Judgement is required to assess whether:

  1. the KMP might use their investments on behalf of X; or

  2. the investments are the personal assets of the KMP, over which the reporting entity has no power.

This judgement should be made based on facts and circumstances, for example, the position of the KMP within the company; the reason KMP are holding those investments; whether those shares have vested (and whether the KMP could resign and retain their investments); whether the shares were granted by X or purchased using KMP’s own resources; any restrictions on transfers of those shares by KMP without X’s approval; and how KMP vote on those investments in practice.

If the KMP are de facto agents, their shareholdings will be attributed to X when deciding whether X should consolidate the fund.

Question 17 – If a decision-maker is remunerated at market rate, does this mean that it is an agent?

A fund manager (‘FM’) is given wide investment powers over an equity fund that it manages. The fund manager receives an annual fee of 2% of the net asset value of the fund, which is consistent with the fee structure of similar funds.

Can the fund manager conclude that it is an agent for fund investors and therefore does not control the fund, by virtue of the fact that it only receives market remuneration?

Answer

No, the fund manager cannot conclude that it is an agent on this basis alone.

The other factors in IFRS 10 must also be considered. For example, if the fund manager has a direct investment in the fund, that should be considered (IFRS 10. B71-72). The fund manager also needs to consider the magnitude and potential variability of its remuneration relative to the returns of the investee (IFRS 10.B68, B72).

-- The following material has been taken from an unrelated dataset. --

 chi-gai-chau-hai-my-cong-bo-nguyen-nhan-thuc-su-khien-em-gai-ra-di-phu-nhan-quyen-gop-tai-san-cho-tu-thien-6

An asset manager may choose to reduce its fee for relationship purposes if the returns of the fund are very low. This would preserve a return for the other investors and effectively increase the variability of the fund manager’s return. IFRS 10 examples 13 to 16 provide guidance on how to assess such exposure.

A fund manager is a principal if it accepts a fee structure that is not commensurate with the services provided and does not include only terms, conditions or amounts that are customarily present in arrangements for similar services and level of skills negotiated on an arm’s length basis (IFRS 10 B69).

However, the converse is not true − that is, the fact that remuneration is market-based is not sufficient to conclude that the fund manager is an agent (IFRS 10.B70).

However, a manager with no direct interest in a fund that receives a market-based fee is likely to be an agent.